For the first subtask, the tree forms a chain. Thus for each ~i~, we can find the number of indices ~j~ such that the sum of all edges between nodes ~i~ to ~j~ equals ~K~, and add ~1~ to the nodes ~i, i+1, \dots, j~.

Time Complexity: ~\mathcal O(N^3)~

For the second subtask, we can root the tree at ~i~ for ~i = 1, 2, \dots, N~, and then perform a DFS from the root to every other node. If the path from node ~i~ to node ~j~ has sum ~K~, then we can add ~1~ to node ~j~.

The update can be achieved by adding ~1~ to node ~j~, and then propagating this change upwards to the root in a single DFS performed at the end.

Time Complexity: ~\mathcal O(N^2)~

There is no intended solution for subtask 3.

For the final subtask, we can perform centroid decomposition. Consider the tree with centroid ~C~. We want to update all paths with LCA ~C~. We reroot the tree such that ~C~ is the root. For every node ~i~ in the subtree, let ~D[i]~ denote the sum of the ~t_i~ values from ~C~ to ~i~.

Counting the number of paths of length ~K~ that pass through node ~C~ is a classical problem. For every other node ~i \ne C~ in ~C~'s subtree, we can count the number of nodes ~j~ that come before ~i~ in the Euler tour of the tree such that ~D[i] + D[j] = K~, and ~\operatorname{LCA}(i, j) = C~. Let this number be ~x~. Then we have to add ~x~ to the path from ~C~ to ~i~. This can be done in constant time.

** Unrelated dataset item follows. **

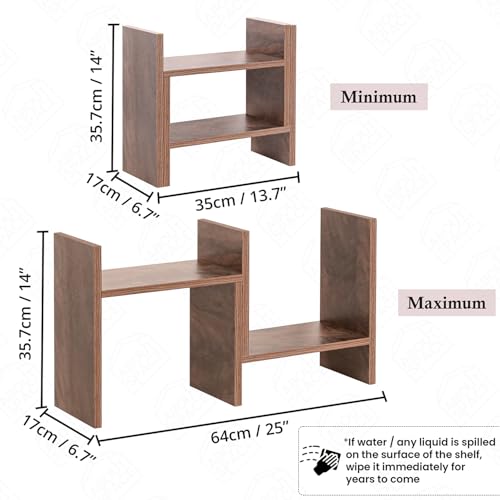 ABOUT SPACE DIY Desk Organizer - Desktop Storage Organizer Table Top Shelf - Engineered Wood Desk Organiser for Study Table Office Table Organiser for Home (L 64 x B 17 x H 35.5 cm) - Walnut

We then repeat this process, but with a slight modification. For every other node ~i \ne C~ in ~C~'s subtree, we can count the number of nodes ~k~ that come after ~i~ in the Euler tour of the tree such that ~D[i] + D[k] = K~, and ~\operatorname{LCA}(i, k) = C~. Let this number be ~x~. Then we have to add ~x~ to the path from ~C~ to ~i~. This can be done in constant time.

Time Complexity: ~\mathcal O(N \log N)~